Images are to be left out; everything else in the listing should be repeated exactly.

> **Provided data**:
● ● ●

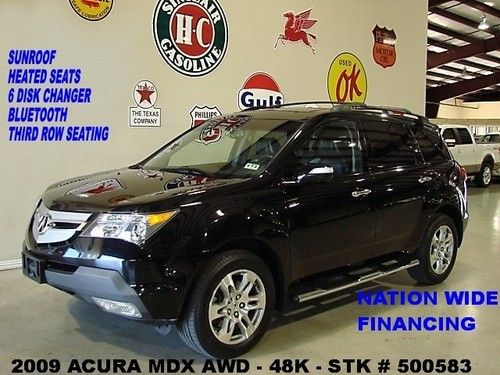 2009 mdx awd,sunroof,htd lth,6 disk cd,3rd row,18in whls,48k,we finance!!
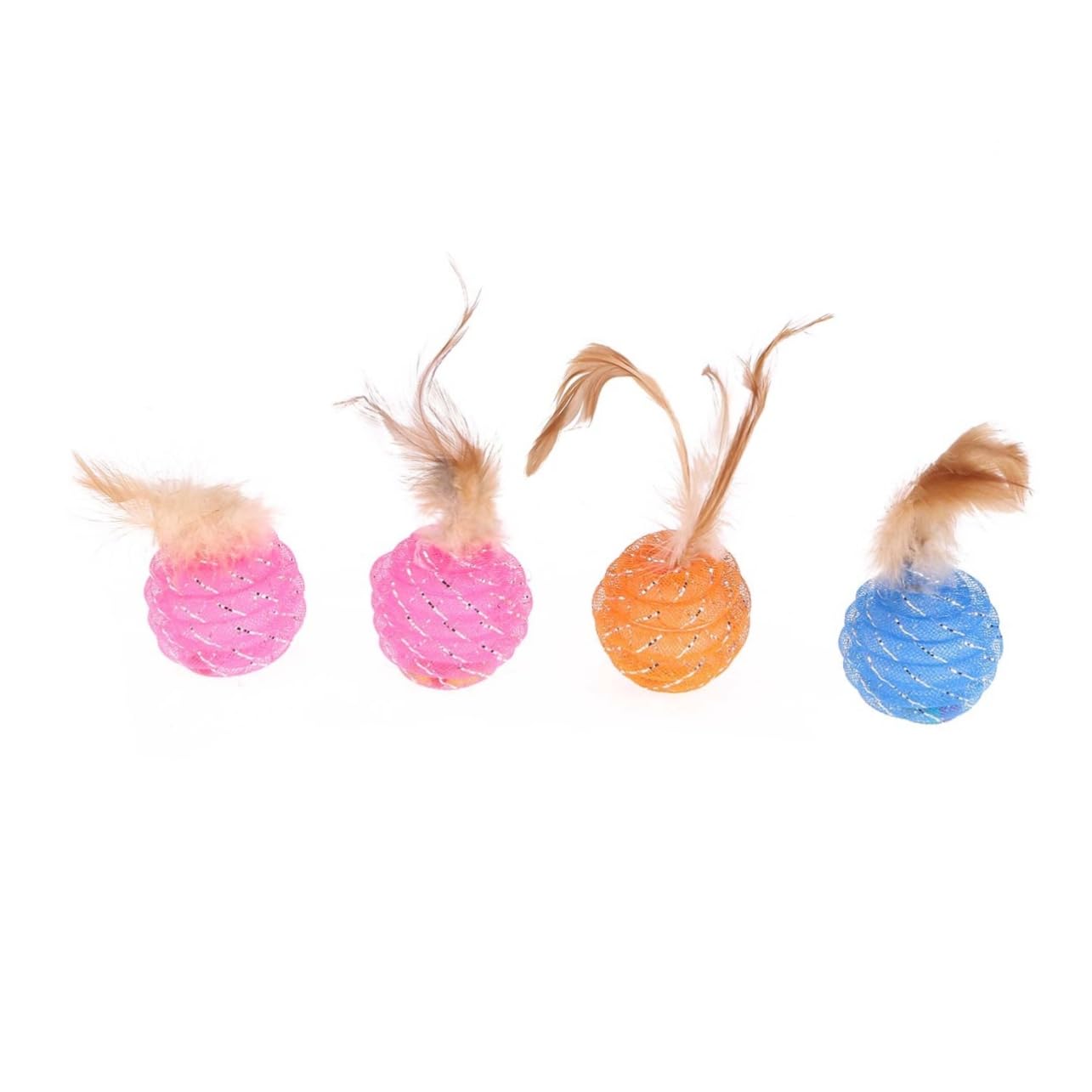 COLLBATH 4pcs Cat Balls Scratching Toys for Active Kittens Interactive Line Ball Toy for Training and Exercise Random Colors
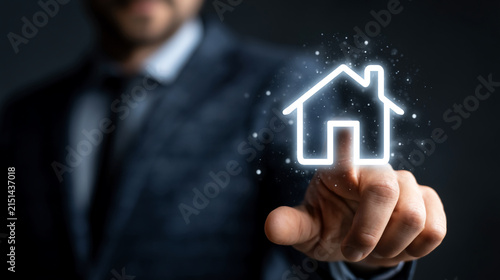 Real estate agent interacting with a digital house icon surrounded by glowing sparkles for property marketing concepts.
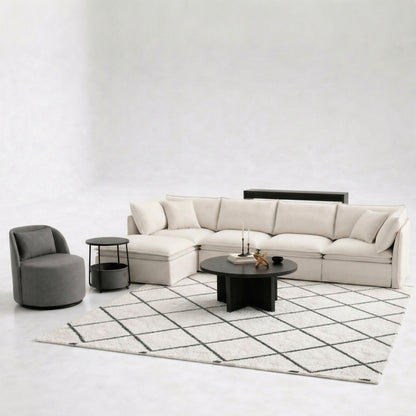 Hommeco Juliet Modern Arch Swivel Accent Chair, Gray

● ● ●

> **Solved problem**:
 2009 mdx awd,sunroof,htd lth,6 disk cd,3rd row,18in whls,48k,we finance!!
 COLLBATH 4pcs Cat Balls Scratching Toys for Active Kittens Interactive Line Ball Toy for Training and Exercise Random Colors
 Real estate agent interacting with a digital house icon surrounded by glowing sparkles for property marketing concepts.
 Hommeco Juliet Modern Arch Swivel Accent Chair, Gray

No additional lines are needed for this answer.